As if last year’s election wasn’t a wake-up call for Republicans that Democrats are no longer sleeping on the job, today, the number of registered voters in “The Great Red County” has– for the first time since the Nixon Era– flipped.
It is a common statement that the biggest partisan-donor ZIP code in the US is “92660”– and they almost all donate Republican– but donors only donate when they think people can do things with their money. If they are donating and they see their money being spent on a losing battle, expect for that cash to dry up. Likewise, expect the Blue Money to increase, as they can see that their cash *is* being spent effectively, thereby accelerating the process of a complete flip of the county from “Reagan Country” into… well… I guess we will find out.
But it’s not just Democrats who are on the rise– Republicans are dropping their “R” and re-registering as “No Party Preference” voters (“NPP” to political hacks, and “independents” to normal folk), and NPP now makes up a whopping 27% of county totals, the rest being split at 34% each, and with the remaining 5% going to other minority parties, like the Libertarian Party.
Traditional logic assumes that the NPP registrations will generally vote in the same fashion that the rest of the splits do– for instance if we extrapolate the 27% of the total who are NPP, their voting habits will likely reflect the equivalent voting habits for the party-registered voters, indicating that Republicans and Democrats can generally rely on 9.18% of the total (34% of 27%) to vote for each of them, even though they are registered NPP, and about 1.35% of the total (5% of 27%) will go to third-parties.

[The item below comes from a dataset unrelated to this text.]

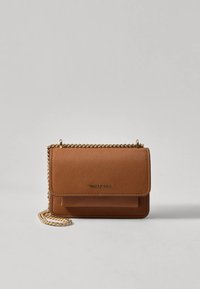 Hnědá taška přes rameno z broušené kůže se zlatým řetízkovým popruhem a magnetickým uzávěrem na klopě. Obsahuje přední kapsu a ražené logo.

As Republicans continue to elect leaders for the OC GOP who endorse politicians like the Diane Dixon (www.dumpdixon.com) for endorsements as “model republicans”, it is easy to see why the small-government Republican base is fleeing: Nobody is holding on to the small government values they profess to exude.
At the same time, Democrats are ramping up the anti-Trump rhetoric to a degree that it is ever-present. Like an old TV that makes that near-hyper-sonic noise when it’s turned on, the presidential criticism always rings in the background.
But how will it all pan out during the upcoming election season?
That’s something that I think everyone is interested in finding out. The “no tax return, no ballot vote” law in California is being challenged right now. The effect of this (other than the obvious) would be to remove Trump from the ballot in California. While nobody actually thinks Trump might win California, the down-ballot cascading effect could deal some serious blows to Republican candidates throughout the state, as people who would normally show up to vote for Trump (and also vote for other Republicans) may not show up at all. Several lawsuits have been filed in an attempt to get this law declared unconstitutional. And with the primaries in California moved up to March 3rd, we will be the one of the first in the nation to vote for the 2020 nominee. Again: While not a single person in California believes that California will go Red this election or any foreseeable one, this was done in order to increase the prominency of our state– primarily for the Democratic nominees.